Nous recevons de plus en plus de candidatures, ce qui montre que ce prix est maintenant bien ancré dans le secteur. La première année, je me souviens que nous avions dû longuement expliquer notre démarche, car beaucoup d’entreprises sont innovantes sans le savoir. Aujourd’hui, c’est bien différent, et nous nous attendons à recevoir beaucoup de dossiers pour cette cinquième édition.

L’exposition De mains de maîtres, organisée en décembre, est une autre initiative censée redorer l’image de l’artisanat chez les jeunes…

T.W.: «Exactement. Cette exposition dédiée à l’artisanat d’art a généré un engouement énorme. Nous voulons donc pérenniser ce projet en créant une association qui va prendre d’autres initiatives dans le futur. Design, architecture… Il y a matière à fédérer différents métiers. En plus de cela, nous décernons également le Prix du meilleur apprenti de l’année. Sur ce point, je suis jaloux de la France et de son meilleur ouvrier. Au Luxembourg, il y a encore du boulot. Mais toutes ces initiatives vont permettre de valoriser ce secteur et de faire changer les mentalités.

Il y a peut-être aussi un point plus politique. On nous dit toujours que dans l’artisanat, les salaires ne sont pas très élevés. Pour les emplois non qualifiés, on touche le salaire social minimum, c’est vrai. Mais de plus en plus d’artisans qualifiés gagnent très bien leur vie. Le problème, c’est qu’en début de carrière, aucune entreprise ne pourra concourir avec ce qui est offert par la fonction publique. Le gouvernement pourrait décider, pour les futurs fonctionnaires, de revoir sa politique en la matière pour que les différences ne soient pas si grandes. Il s’agirait d’un levier pour réussir à convaincre ceux qui hésitent encore.

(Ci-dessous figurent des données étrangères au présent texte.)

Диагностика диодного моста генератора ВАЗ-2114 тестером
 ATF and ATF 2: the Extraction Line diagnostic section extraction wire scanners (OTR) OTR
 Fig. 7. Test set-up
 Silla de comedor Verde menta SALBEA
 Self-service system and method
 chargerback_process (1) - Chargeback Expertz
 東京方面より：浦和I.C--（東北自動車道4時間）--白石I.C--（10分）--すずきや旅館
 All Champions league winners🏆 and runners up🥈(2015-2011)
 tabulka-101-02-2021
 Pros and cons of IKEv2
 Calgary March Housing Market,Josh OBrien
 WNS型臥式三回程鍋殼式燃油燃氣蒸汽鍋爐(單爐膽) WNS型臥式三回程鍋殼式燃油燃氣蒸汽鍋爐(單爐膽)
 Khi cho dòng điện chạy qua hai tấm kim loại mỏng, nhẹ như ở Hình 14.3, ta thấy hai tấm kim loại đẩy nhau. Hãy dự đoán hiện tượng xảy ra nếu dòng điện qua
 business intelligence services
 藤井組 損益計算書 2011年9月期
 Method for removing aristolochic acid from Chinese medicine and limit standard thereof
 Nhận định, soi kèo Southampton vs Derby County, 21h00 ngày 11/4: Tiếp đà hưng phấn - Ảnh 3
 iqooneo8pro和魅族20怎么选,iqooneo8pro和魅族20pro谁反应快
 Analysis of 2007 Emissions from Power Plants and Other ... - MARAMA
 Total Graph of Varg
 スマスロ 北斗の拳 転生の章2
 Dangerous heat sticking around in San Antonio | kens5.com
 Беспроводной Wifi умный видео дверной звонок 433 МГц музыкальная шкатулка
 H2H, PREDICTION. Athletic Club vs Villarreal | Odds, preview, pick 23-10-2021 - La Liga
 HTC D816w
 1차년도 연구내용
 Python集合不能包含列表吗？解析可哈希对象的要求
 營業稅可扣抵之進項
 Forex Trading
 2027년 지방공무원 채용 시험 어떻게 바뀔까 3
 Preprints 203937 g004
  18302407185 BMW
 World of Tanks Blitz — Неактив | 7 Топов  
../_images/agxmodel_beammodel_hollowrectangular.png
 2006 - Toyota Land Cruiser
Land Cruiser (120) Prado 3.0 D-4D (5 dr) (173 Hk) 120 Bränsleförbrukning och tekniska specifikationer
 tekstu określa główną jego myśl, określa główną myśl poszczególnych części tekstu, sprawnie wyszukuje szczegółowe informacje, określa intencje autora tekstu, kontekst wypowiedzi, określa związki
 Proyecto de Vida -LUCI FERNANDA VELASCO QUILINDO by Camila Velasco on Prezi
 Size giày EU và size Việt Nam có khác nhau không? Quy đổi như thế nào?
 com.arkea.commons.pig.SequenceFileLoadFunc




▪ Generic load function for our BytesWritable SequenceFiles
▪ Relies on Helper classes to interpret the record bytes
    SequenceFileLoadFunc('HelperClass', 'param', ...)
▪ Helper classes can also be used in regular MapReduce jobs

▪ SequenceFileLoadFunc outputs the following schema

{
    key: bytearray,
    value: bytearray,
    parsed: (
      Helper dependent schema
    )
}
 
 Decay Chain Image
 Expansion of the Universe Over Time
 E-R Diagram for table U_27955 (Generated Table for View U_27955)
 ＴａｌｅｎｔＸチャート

Créer des incubateurs adaptés serait-il une solution pour encourager les jeunes à se lancer?

R.K.: «Ça existe déjà. Il y a deux espaces de ce genre, des ‘Handwierkerhaff’, au Luxembourg. L’un est à Mondorf, et l’autre à Kehlen. Des ateliers de 300m2 sont mis à disposition des jeunes créateurs dans l’artisanat à des loyers très avantageux. Ce sont des pépinières gérées par la Mutualité des PME, et elles fonctionnent bien. Je pense qu’il faudrait multiplier ces initiatives.»

Bio express – Tom Wirion
Avocat des artisans

  • 1959 Naissance le 1er janvier à Luxembourg-ville.
  • 1993 Après avoir suivi un parcours littéraire au lycée de l’Athénée de Luxembourg, il obtient une maîtrise en droit international à l’université d’Aix-Marseille, où il termine major de promotion. Il part ensuite pour Bruges et le Collège d’Europe, où il empoche un master of arts in European political and administrative studies.
  • 1994 Il entre au Barreau de Luxembourg en tant qu’avocat. Il exercera cette profession pendant cinq ans.
  • 1999 Il rejoint la Chambre des métiers comme conseiller juridique. Il va gravir les échelons jusqu’au poste de directeur général adjoint.
  • 2013 La nomination de Tom Wirion est approuvée par le Conseil de gouvernement dans sa séance du 11 octobre. Il agira en tant que directeur général, désigné aux côtés de Paul Ensch, pour prendre officiellement ses fonctions à la fin du premier trimestre de 2014.

Bio express – Roland Kuhn

  • 1953 Naissance à Luxembourg-ville.
  • 2007 Première élection à la présidence de la Chambre des métiers pour un mandat de cinq ans.
  • 2012 Roland Kuhn est réélu par ses pairs au siège de président de la Chambre des métiers pour un nouveau mandat de cinq ans, qui se terminera donc cette année.

Roland Kuhn est administrateur délégué de Kuhn SA, l’un des piliers du secteur de la construction et de l’immobilier au Luxembourg.